Exercise
The output should be all lines of the entries below in which the word "Ford" occurs.

Dataset excerpts:
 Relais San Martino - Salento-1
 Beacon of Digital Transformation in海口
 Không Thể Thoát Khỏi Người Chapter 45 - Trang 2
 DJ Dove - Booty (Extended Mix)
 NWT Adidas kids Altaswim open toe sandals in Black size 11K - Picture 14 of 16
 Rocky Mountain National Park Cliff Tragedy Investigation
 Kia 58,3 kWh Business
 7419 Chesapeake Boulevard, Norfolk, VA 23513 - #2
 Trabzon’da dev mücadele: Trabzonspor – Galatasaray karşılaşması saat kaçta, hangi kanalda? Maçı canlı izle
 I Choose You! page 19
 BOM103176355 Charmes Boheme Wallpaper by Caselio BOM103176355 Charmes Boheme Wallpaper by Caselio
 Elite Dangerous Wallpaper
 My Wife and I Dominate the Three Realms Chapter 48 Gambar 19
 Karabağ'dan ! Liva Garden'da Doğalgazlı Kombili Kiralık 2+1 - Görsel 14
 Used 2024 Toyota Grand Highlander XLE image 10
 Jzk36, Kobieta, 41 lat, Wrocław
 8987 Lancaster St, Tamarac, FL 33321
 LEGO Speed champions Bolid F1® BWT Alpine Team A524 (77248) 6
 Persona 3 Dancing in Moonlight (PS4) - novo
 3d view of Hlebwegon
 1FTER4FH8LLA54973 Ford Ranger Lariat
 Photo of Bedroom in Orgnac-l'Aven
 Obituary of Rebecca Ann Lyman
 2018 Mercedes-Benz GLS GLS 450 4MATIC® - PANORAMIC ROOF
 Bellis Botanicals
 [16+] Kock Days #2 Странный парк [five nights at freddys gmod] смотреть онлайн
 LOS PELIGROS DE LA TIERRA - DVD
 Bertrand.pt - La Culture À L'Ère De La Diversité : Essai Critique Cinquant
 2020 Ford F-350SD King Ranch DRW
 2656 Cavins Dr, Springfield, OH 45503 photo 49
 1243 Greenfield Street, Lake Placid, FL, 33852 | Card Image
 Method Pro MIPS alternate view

Response
 1FTER4FH8LLA54973 Ford Ranger Lariat
 2020 Ford F-350SD King Ranch DRW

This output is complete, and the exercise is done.